- [Exercise prompt] Would you transcribe the listing exactly as it stands, minus any images?

- [Information supplied]
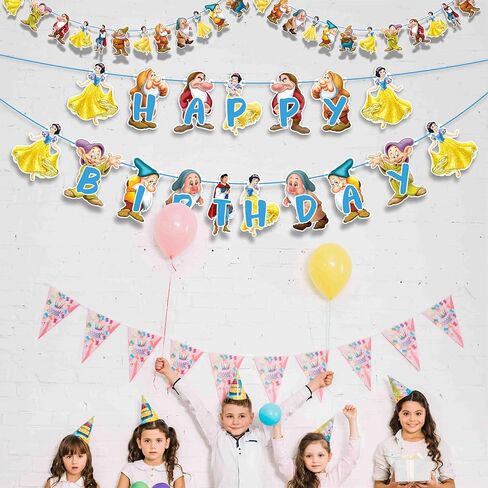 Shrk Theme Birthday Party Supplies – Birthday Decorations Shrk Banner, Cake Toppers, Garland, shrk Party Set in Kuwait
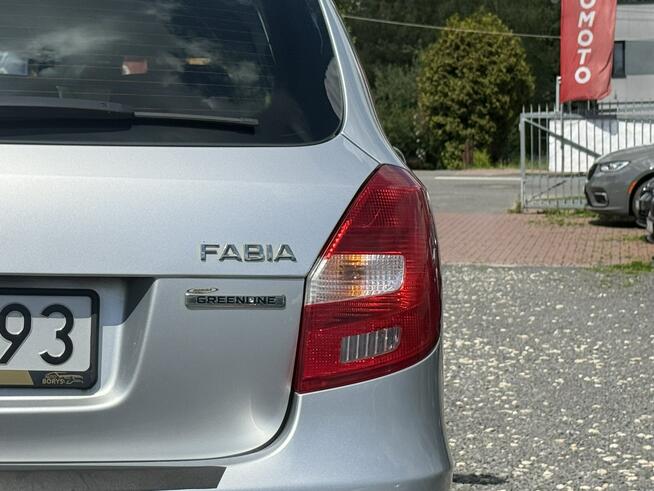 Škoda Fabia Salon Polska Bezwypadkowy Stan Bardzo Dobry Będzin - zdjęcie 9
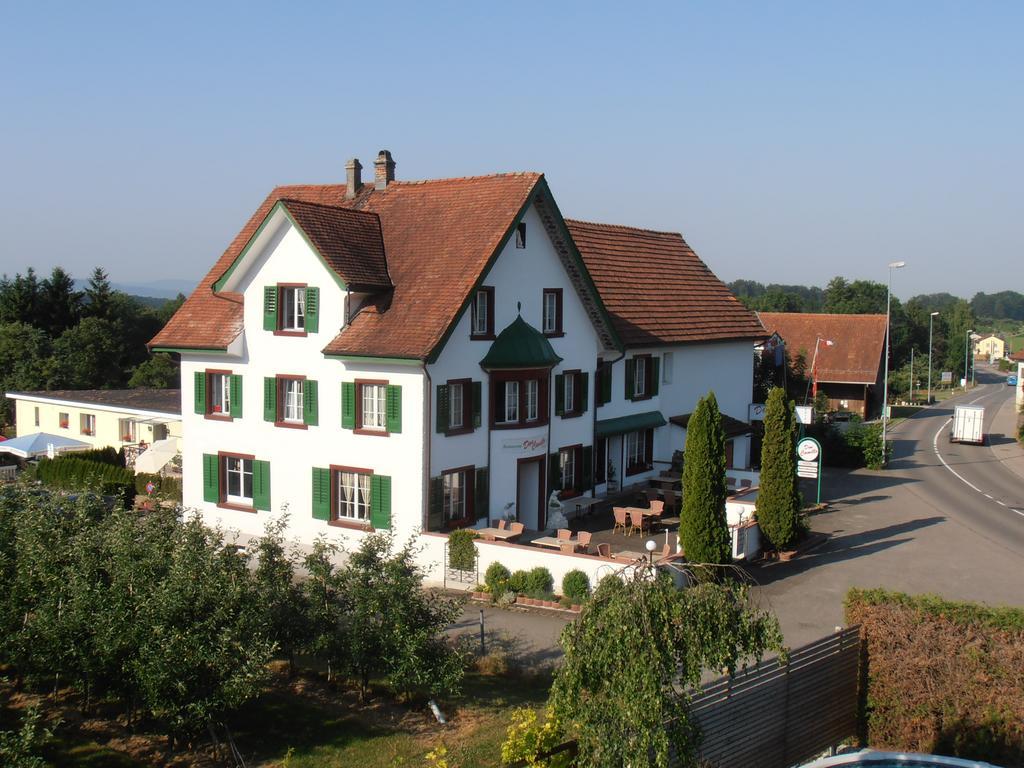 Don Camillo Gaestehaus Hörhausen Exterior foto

- [Your response]
 Shrk Theme Birthday Party Supplies – Birthday Decorations Shrk Banner, Cake Toppers, Garland, shrk Party Set in Kuwait
 Škoda Fabia Salon Polska Bezwypadkowy Stan Bardzo Dobry Będzin - zdjęcie 9
 Don Camillo Gaestehaus Hörhausen Exterior foto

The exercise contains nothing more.